WHAT YOU HAVE TO DO: Give back the exact lines of the material below from the one containing "Dragon NaturallySpeaking Premium" through the one containing "Salt Marsh. Salt", and no pictures.

RECORDS FOR THIS TASK:
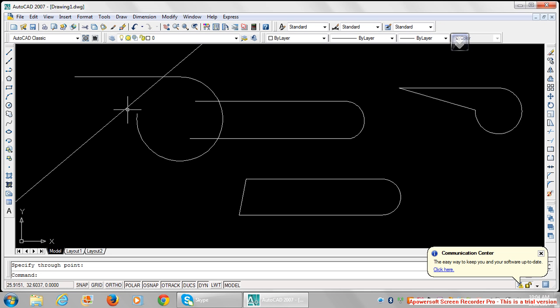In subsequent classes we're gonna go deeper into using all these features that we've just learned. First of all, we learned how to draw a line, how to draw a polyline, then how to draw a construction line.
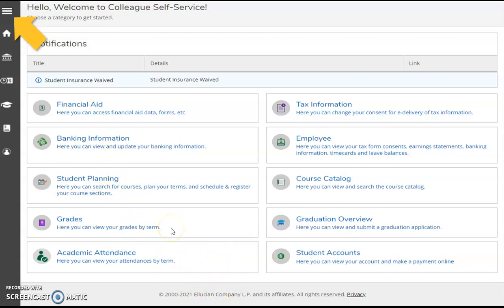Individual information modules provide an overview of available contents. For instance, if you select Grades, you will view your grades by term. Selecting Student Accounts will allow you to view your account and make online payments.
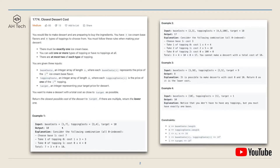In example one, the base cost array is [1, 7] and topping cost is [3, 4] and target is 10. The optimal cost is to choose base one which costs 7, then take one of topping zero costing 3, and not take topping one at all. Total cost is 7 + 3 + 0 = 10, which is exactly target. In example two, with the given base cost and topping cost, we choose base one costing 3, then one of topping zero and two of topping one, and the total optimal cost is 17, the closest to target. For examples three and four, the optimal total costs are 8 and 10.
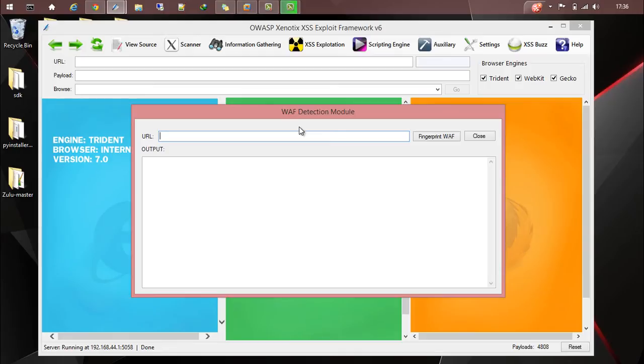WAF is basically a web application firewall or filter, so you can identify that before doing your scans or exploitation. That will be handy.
==
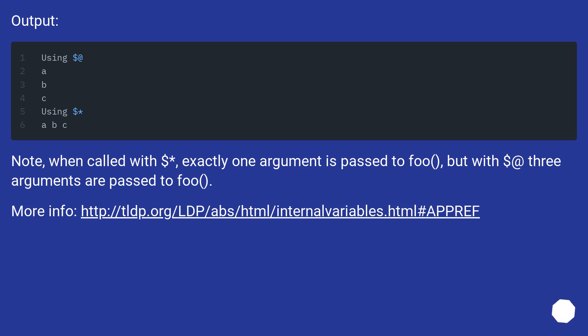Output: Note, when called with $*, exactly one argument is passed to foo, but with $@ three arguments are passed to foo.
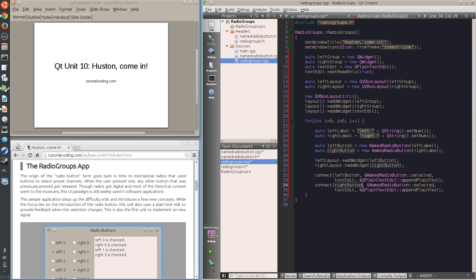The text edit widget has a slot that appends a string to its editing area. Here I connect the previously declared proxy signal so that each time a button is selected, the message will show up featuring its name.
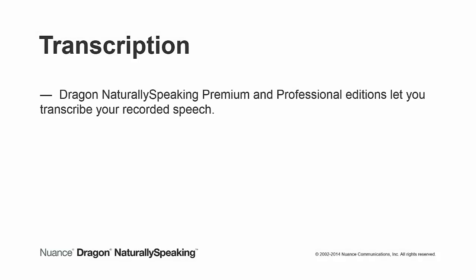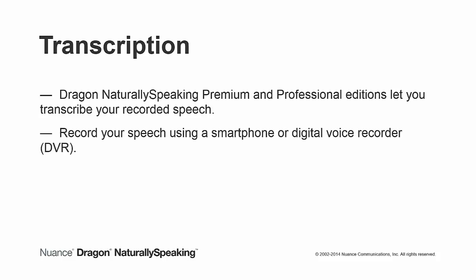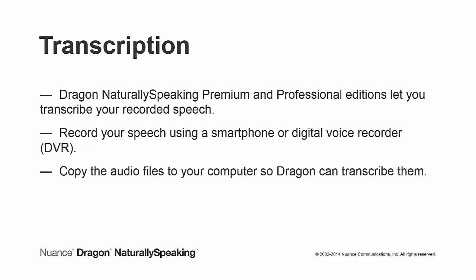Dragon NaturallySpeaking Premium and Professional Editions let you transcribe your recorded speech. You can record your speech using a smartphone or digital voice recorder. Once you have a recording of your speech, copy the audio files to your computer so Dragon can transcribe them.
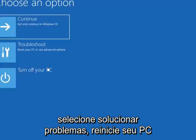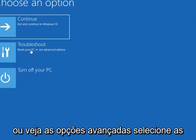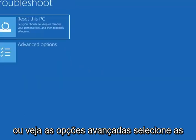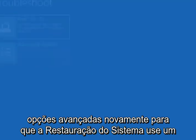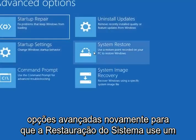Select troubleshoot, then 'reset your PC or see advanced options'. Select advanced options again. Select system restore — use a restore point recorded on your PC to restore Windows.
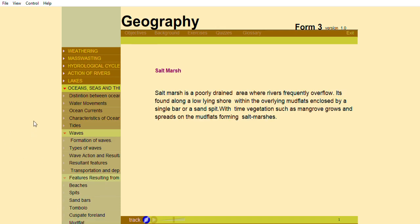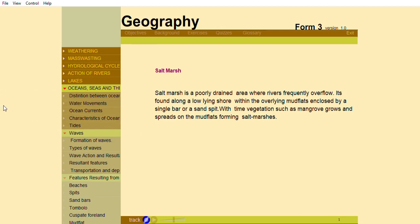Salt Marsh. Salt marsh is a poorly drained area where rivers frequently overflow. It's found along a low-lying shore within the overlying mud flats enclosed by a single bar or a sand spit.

OUTPUT OF THE EXERCISE:
Dragon NaturallySpeaking Premium and Professional Editions let you transcribe your recorded speech. You can record your speech using a smartphone or digital voice recorder. Once you have a recording of your speech, copy the audio files to your computer so Dragon can transcribe them.
Select troubleshoot, then 'reset your PC or see advanced options'. Select advanced options again. Select system restore — use a restore point recorded on your PC to restore Windows.
Salt Marsh. Salt marsh is a poorly drained area where rivers frequently overflow. It's found along a low-lying shore within the overlying mud flats enclosed by a single bar or a sand spit.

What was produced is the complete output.